A. LES AIDES À LA PIERRE SUBISSENT DEUX INFLUENCES CONTRADICTOIRES
1. La débudgétisation du financement de l'agence nationale de l'amélioration de l'habitat
a) Un désengagement de l'Etat annoncé
Comme dans d'autres domaines, la politique du logement du Gouvernement est marquée par le souci d'utiliser au mieux les moyens existants.
Dans ce cadre, le Gouvernement a estimé qu'une partie des fonds du 1 % logement, dont le montant total s'élève à 3,7 milliards d'euros, pourrait être employée de manière plus efficace en étant directement attribuée d'une part à l'Anah, d'autre part à l'Anru.
L'agence nationale de l'habitat (Anah)
Créée en 1971, l'Anah est un établissement public à caractère administratif placé sous la tutelle des ministres chargés du logement et des finances.

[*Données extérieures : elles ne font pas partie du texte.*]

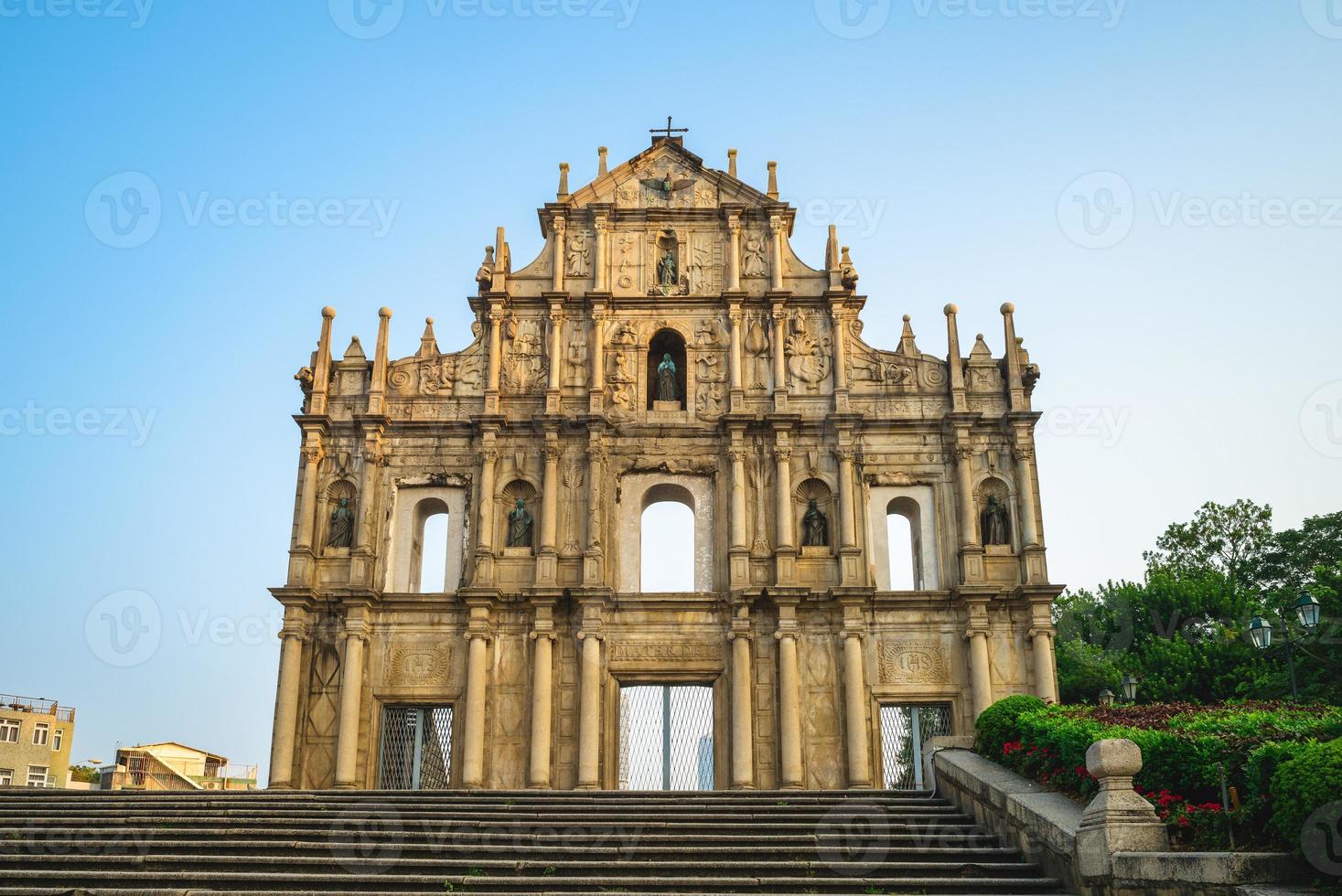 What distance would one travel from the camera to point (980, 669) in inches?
991

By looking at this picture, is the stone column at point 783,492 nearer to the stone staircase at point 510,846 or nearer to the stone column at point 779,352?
Answer: the stone column at point 779,352

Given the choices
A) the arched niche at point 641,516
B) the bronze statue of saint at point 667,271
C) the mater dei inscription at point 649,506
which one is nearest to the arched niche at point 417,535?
the mater dei inscription at point 649,506

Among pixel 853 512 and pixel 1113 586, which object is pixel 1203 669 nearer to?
pixel 1113 586

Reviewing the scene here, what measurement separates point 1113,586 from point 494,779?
101 feet

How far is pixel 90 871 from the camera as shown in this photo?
13.4 m

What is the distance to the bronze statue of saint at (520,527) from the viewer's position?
26547 mm

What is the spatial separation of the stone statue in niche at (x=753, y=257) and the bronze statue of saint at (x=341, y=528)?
10.6 m

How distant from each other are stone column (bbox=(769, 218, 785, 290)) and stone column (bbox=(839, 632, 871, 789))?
→ 8377 millimetres

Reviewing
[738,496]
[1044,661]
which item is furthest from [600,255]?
[1044,661]

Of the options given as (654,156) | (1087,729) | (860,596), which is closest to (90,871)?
(1087,729)

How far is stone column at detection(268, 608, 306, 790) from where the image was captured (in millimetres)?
24766

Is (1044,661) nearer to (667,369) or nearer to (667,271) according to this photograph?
(667,369)

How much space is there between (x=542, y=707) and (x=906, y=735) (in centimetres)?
750

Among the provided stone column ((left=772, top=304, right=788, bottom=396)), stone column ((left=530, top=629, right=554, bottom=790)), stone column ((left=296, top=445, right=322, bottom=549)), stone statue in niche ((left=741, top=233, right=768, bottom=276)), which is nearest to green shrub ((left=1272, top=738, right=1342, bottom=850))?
stone column ((left=530, top=629, right=554, bottom=790)) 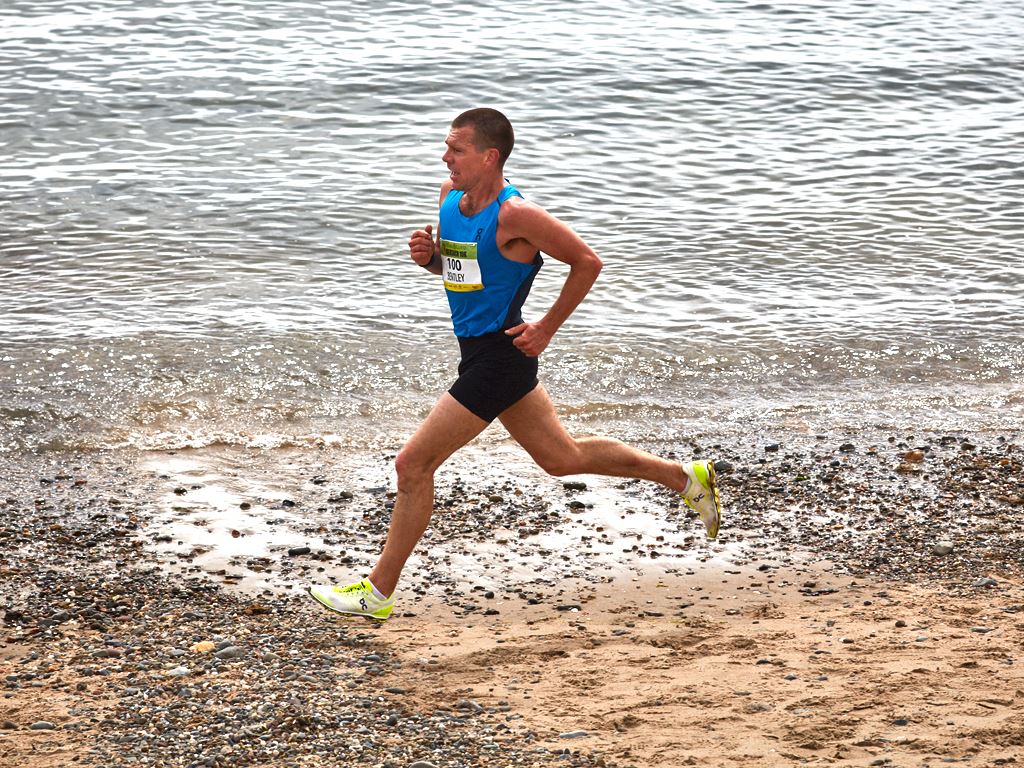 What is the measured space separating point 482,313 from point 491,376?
0.28 m

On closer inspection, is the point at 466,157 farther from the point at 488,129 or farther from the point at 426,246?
the point at 426,246

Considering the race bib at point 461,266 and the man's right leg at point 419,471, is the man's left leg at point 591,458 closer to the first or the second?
the man's right leg at point 419,471

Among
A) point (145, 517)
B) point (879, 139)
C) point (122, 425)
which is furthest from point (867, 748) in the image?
point (879, 139)

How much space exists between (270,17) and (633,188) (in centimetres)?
1079

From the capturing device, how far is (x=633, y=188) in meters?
15.1

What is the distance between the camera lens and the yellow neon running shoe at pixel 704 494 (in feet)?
21.2

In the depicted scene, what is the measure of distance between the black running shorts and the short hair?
78 cm

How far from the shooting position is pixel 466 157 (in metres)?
5.43

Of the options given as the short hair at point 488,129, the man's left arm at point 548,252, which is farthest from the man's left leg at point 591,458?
the short hair at point 488,129

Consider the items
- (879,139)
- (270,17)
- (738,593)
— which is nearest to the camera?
(738,593)

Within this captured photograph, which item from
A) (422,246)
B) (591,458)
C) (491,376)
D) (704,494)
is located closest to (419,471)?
(491,376)

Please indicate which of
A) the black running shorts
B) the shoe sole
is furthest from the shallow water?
the black running shorts

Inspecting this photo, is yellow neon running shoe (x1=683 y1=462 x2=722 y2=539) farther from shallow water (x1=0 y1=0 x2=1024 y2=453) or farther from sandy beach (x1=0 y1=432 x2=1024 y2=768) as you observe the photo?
shallow water (x1=0 y1=0 x2=1024 y2=453)

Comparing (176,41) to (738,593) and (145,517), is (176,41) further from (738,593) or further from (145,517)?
(738,593) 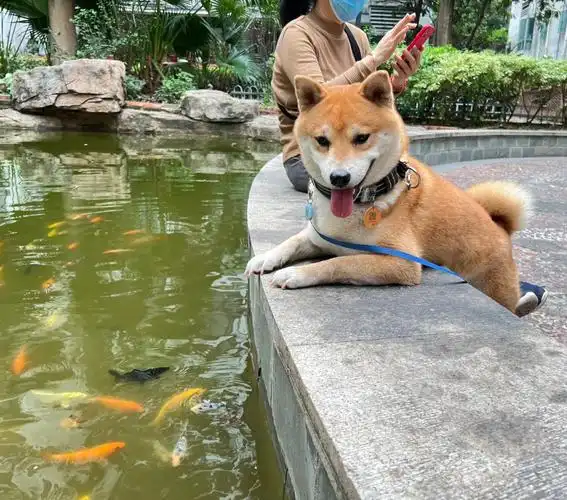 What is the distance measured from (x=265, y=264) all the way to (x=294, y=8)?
2.24m

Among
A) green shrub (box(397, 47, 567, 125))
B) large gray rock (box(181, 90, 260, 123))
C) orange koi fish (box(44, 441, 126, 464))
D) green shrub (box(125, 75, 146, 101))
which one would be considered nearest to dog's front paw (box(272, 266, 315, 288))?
orange koi fish (box(44, 441, 126, 464))

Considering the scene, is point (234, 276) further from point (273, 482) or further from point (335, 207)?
A: point (273, 482)

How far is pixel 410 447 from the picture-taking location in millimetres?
1298

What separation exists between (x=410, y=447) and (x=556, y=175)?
6.76 meters

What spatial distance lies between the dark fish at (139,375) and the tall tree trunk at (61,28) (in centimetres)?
1301

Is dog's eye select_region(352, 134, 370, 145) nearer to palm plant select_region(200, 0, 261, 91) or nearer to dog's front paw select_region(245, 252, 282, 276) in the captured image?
dog's front paw select_region(245, 252, 282, 276)

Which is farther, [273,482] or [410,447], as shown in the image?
[273,482]

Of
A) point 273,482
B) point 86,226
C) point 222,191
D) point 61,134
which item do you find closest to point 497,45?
point 61,134

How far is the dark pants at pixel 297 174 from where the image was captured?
4.15m

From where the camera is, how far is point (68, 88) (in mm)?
11578

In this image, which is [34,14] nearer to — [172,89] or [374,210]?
[172,89]

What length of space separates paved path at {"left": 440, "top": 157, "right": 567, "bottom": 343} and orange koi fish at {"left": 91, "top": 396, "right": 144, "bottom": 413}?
1.93m

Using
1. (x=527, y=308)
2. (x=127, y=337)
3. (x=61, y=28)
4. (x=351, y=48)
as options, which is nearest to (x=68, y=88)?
(x=61, y=28)

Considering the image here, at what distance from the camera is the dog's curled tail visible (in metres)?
2.80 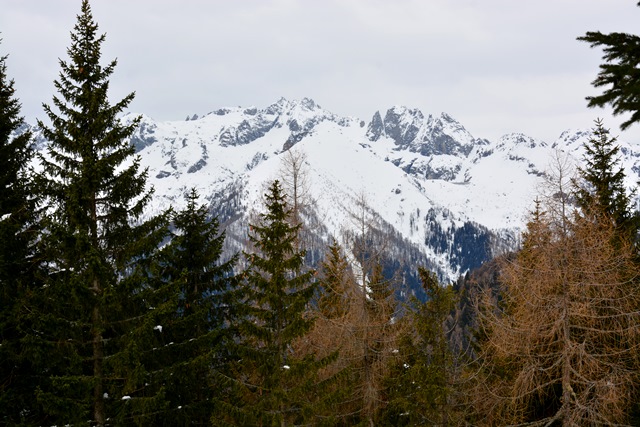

- développer un parc privé à vocation sociale ; - contribuer à l'adaptation des logements aux besoins des personnes âgées ou handicapées ; - promouvoir la qualité de l'habitat dans un objectif de développement durable et d'économie d'énergie ; - lutter contre l'habitat indigne.
L'agence verse des subventions aux propriétaires bailleurs et sous conditions de ressources aux propriétaires occupants qui réalisent des travaux d'amélioration dans les logements achevés depuis plus de quinze ans, ou depuis plus de dix ans lorsqu'il s'agit de travaux dans un immeuble faisant l'objet d'un plan de sauvegarde. Les travaux doivent permettre d'améliorer l'habitat en matière de sécurité, de salubrité ou d'adaptation aux personnes handicapées et de favoriser la prise en compte du développement durable. En échange, les propriétaires s'engagent à occuper leur logement ou le donner en location, pendant neuf ans, à titre de résidence principale. |
Un accord entre le 1 % logement et l'Etat, annoncé lors de l'examen de projet de loi de mobilisation pour le logement, mais qui n'a toutefois pas encore été publié, prévoit donc que l'organisme collecteur versera à l'Anah 480 millions d'euros par an pendant trois ans. Cette somme s'ajoute aux 320 millions supplémentaires, déjà évoqués, à destination de l'Anru et aux 50 millions dédiés à la réhabilitation des quartiers anciens dégradés.
Au total, le prélèvement sur le 1 % logement se monte à 850 millions d'euros par an pendant trois ans. Cette somme sera prélevée sur les aides actuellement distribuées par le 1 % logement.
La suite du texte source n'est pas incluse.